[Opening PROVIDED MATERIAL section]

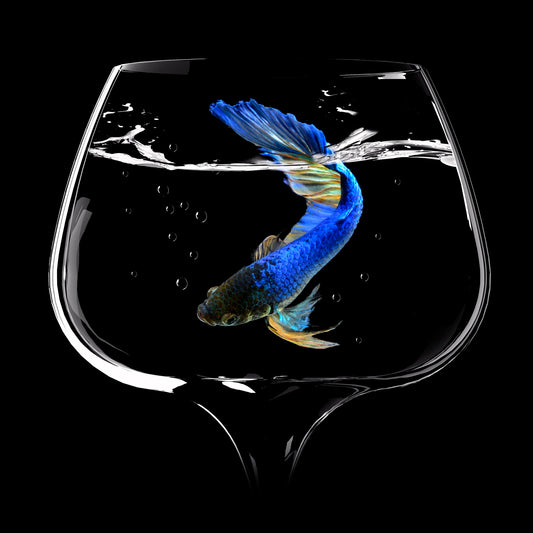 Betta Fish Dance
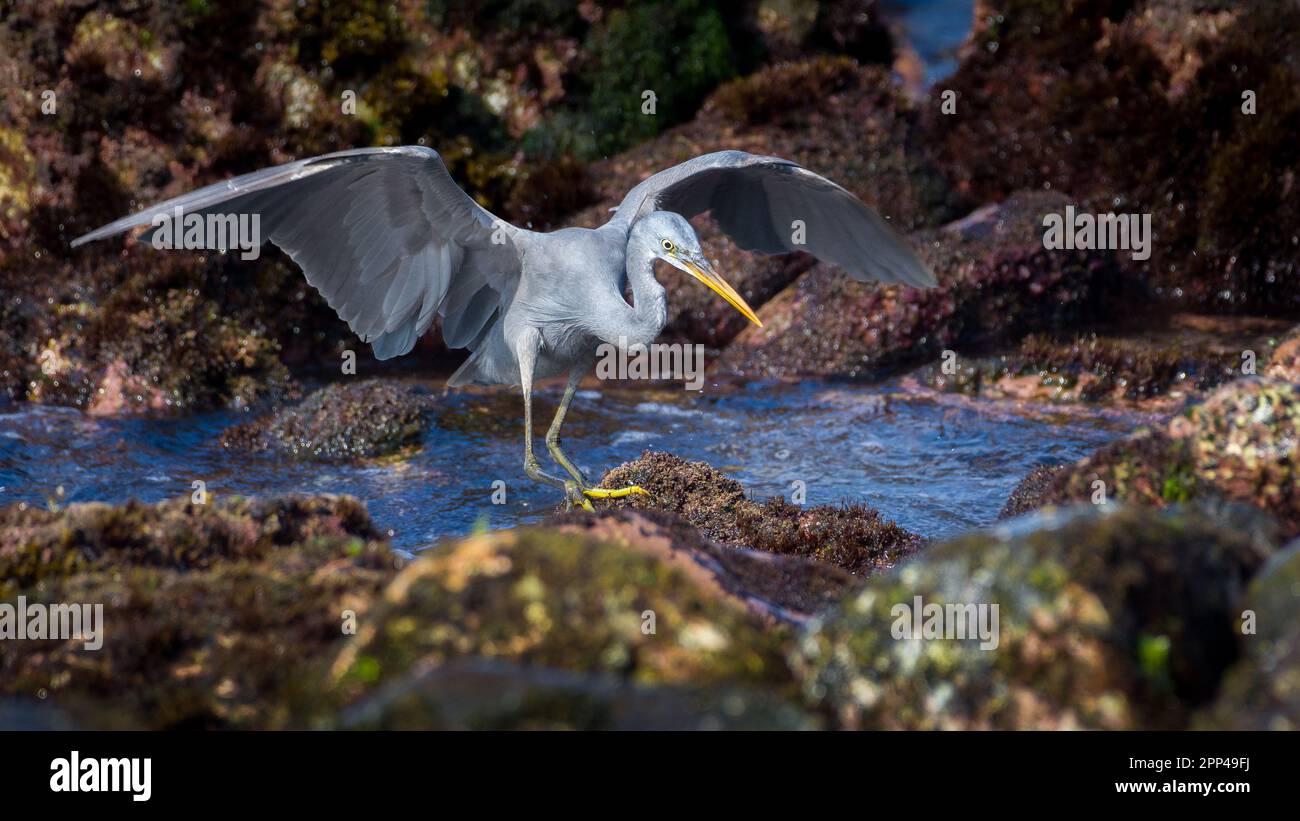 Western Reef Heron saltando tra le rocce, mostrando la sua apertura alare. Foto Stock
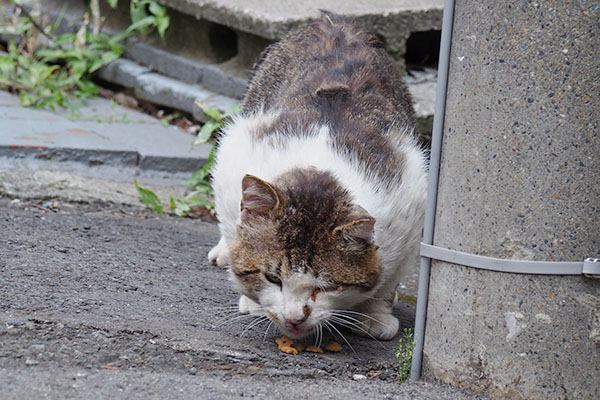 食べてる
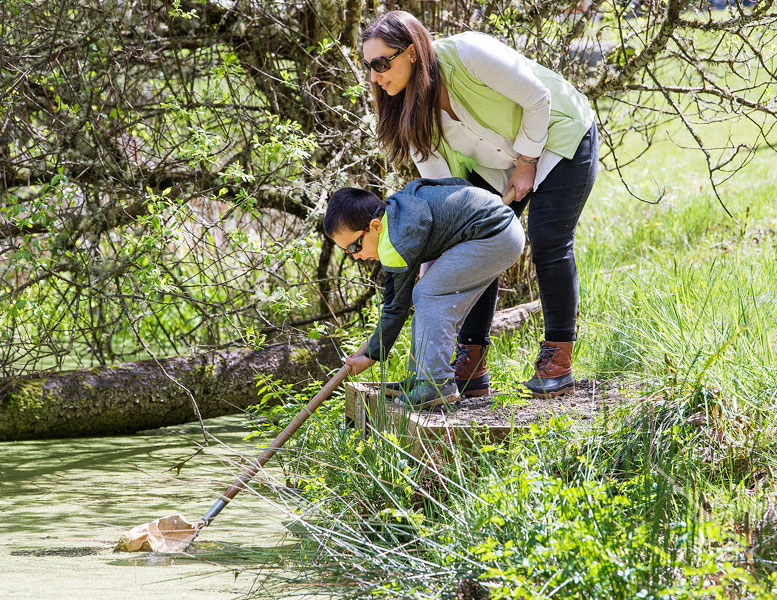 Marcus Larson/News-Register##
Donna Montoya helps her son Damian collect water samples from the Miller Woods pond to check later for lifeforms to study.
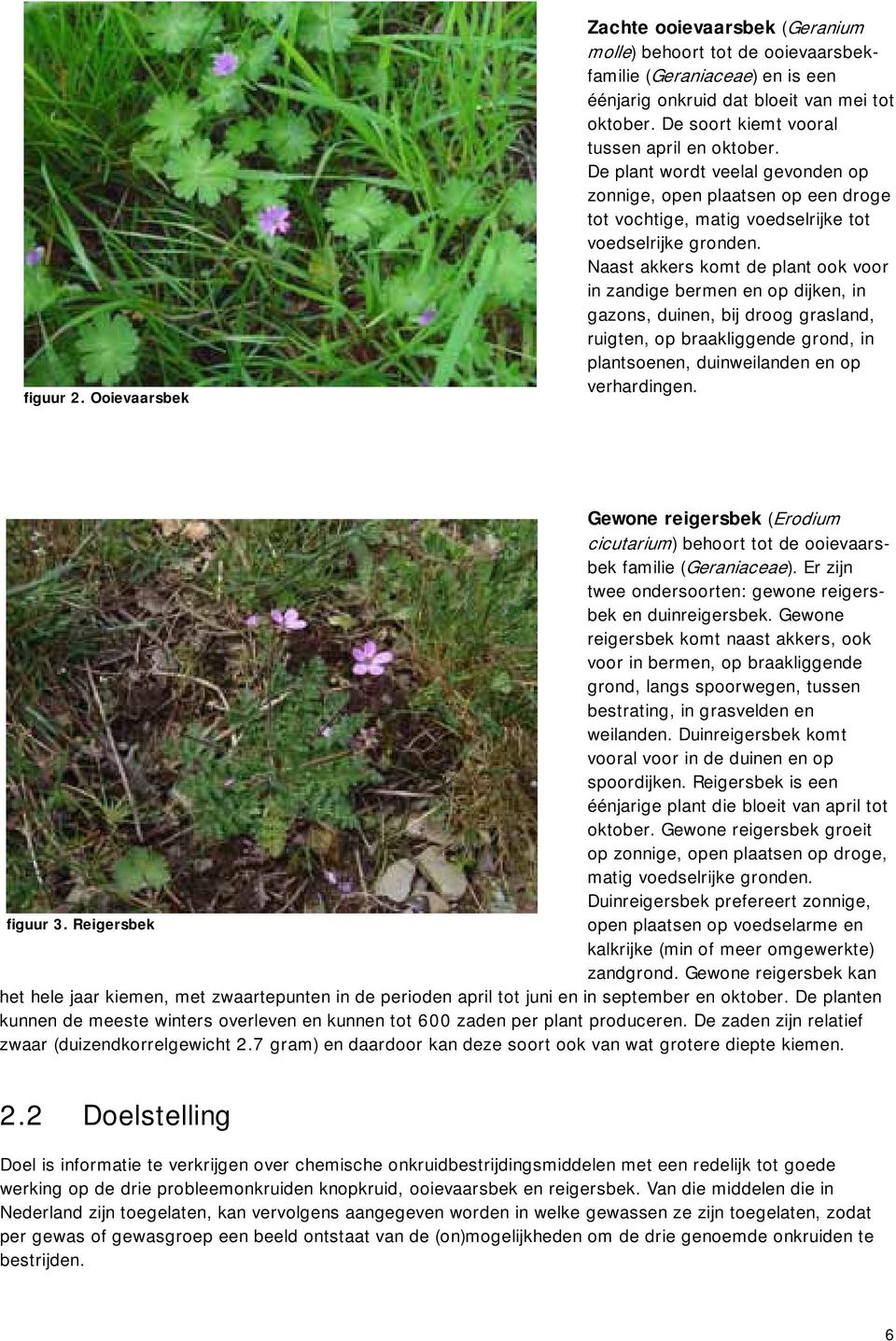 Naast akkers komt de plant ook voor in zandige bermen en op dijken, in gazons, duinen, bij droog grasland, ruigten, op braakliggende grond, in plantsoenen, duinweilanden en op verhardingen.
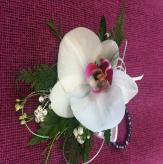 Más información de Orquídea Phalenopsia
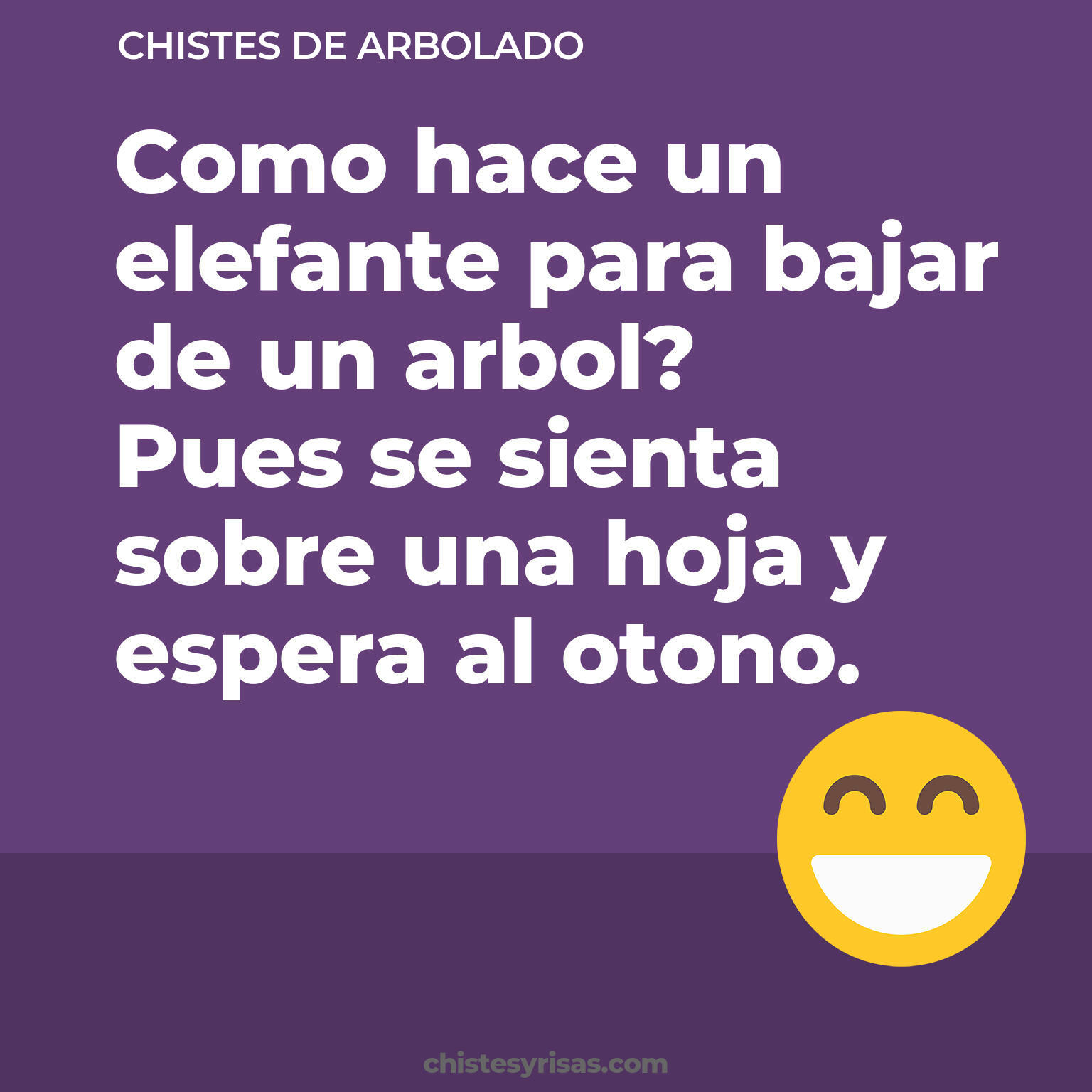 chistes de Arbolado más graciosos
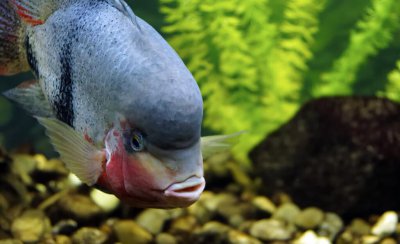 鱼缸放盐起什么作用 鱼缸里放盐原因以、时间和比例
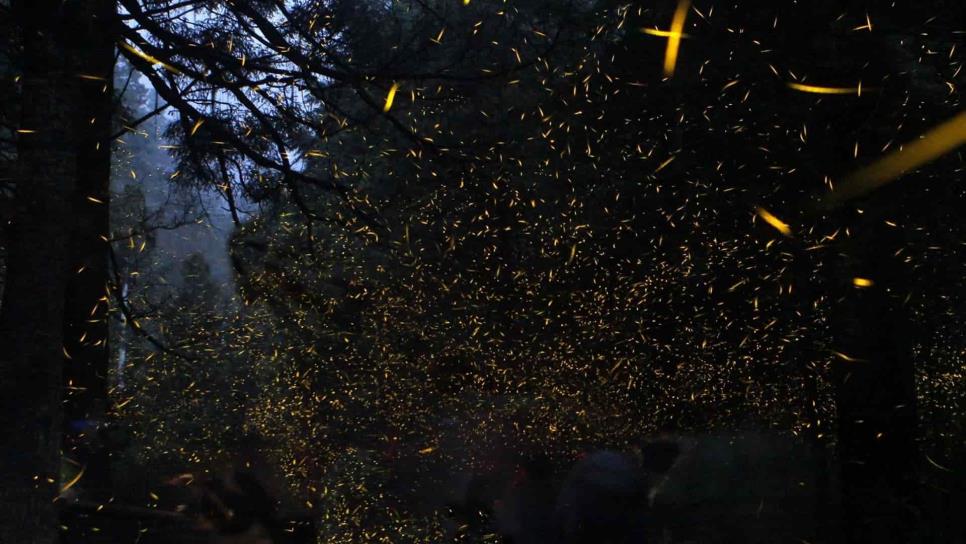 Avistamiento de luciérnagas alcanzará derrama por 48 mdp en Tlaxcala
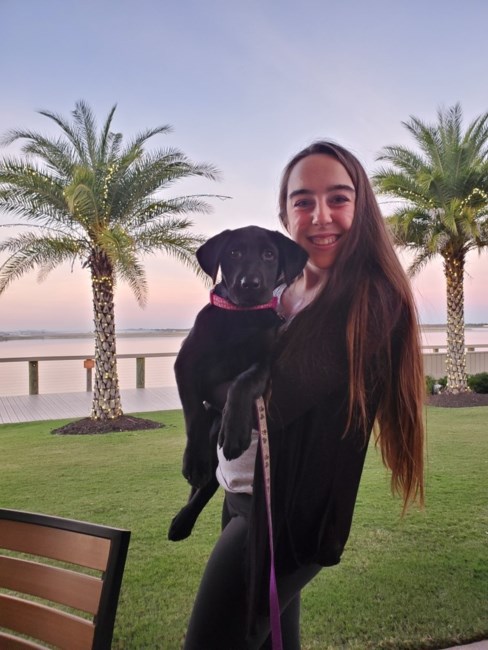 Obituary of Kaitlyn Kyla McNamara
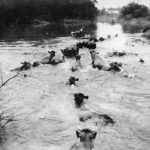 Cow Safety During the 1948 Flood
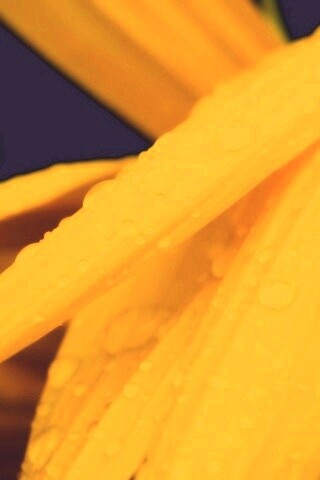 Капли на желтом лепестке обои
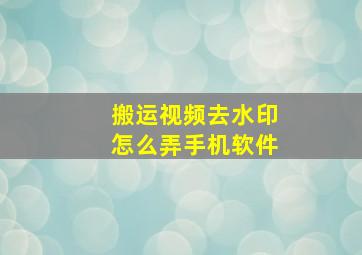 搬运视频去水印怎么弄手机软件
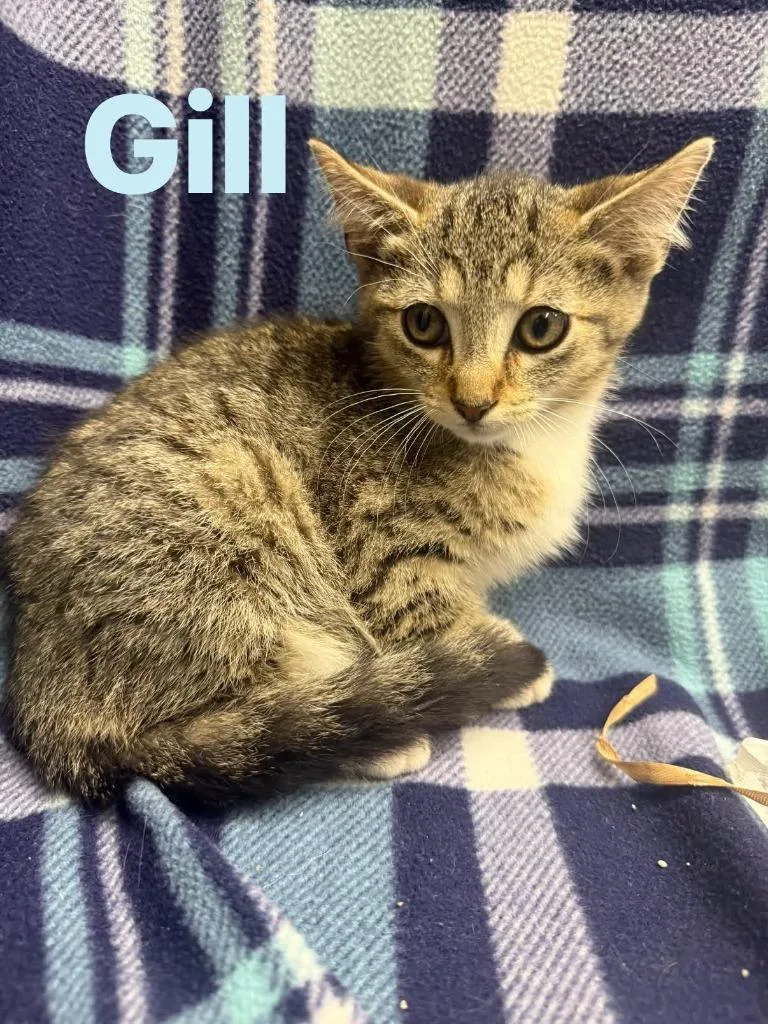 Gill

[Closing PROVIDED MATERIAL section]

Without the pictures, give all the records above again exactly.

## REPLY
 Betta Fish Dance
 Western Reef Heron saltando tra le rocce, mostrando la sua apertura alare. Foto Stock
 食べてる
 Marcus Larson/News-Register##
Donna Montoya helps her son Damian collect water samples from the Miller Woods pond to check later for lifeforms to study.
 Naast akkers komt de plant ook voor in zandige bermen en op dijken, in gazons, duinen, bij droog grasland, ruigten, op braakliggende grond, in plantsoenen, duinweilanden en op verhardingen.
 Más información de Orquídea Phalenopsia
 chistes de Arbolado más graciosos
 鱼缸放盐起什么作用 鱼缸里放盐原因以、时间和比例
 Avistamiento de luciérnagas alcanzará derrama por 48 mdp en Tlaxcala
 Obituary of Kaitlyn Kyla McNamara
 Cow Safety During the 1948 Flood
 Капли на желтом лепестке обои
 搬运视频去水印怎么弄手机软件
 Gill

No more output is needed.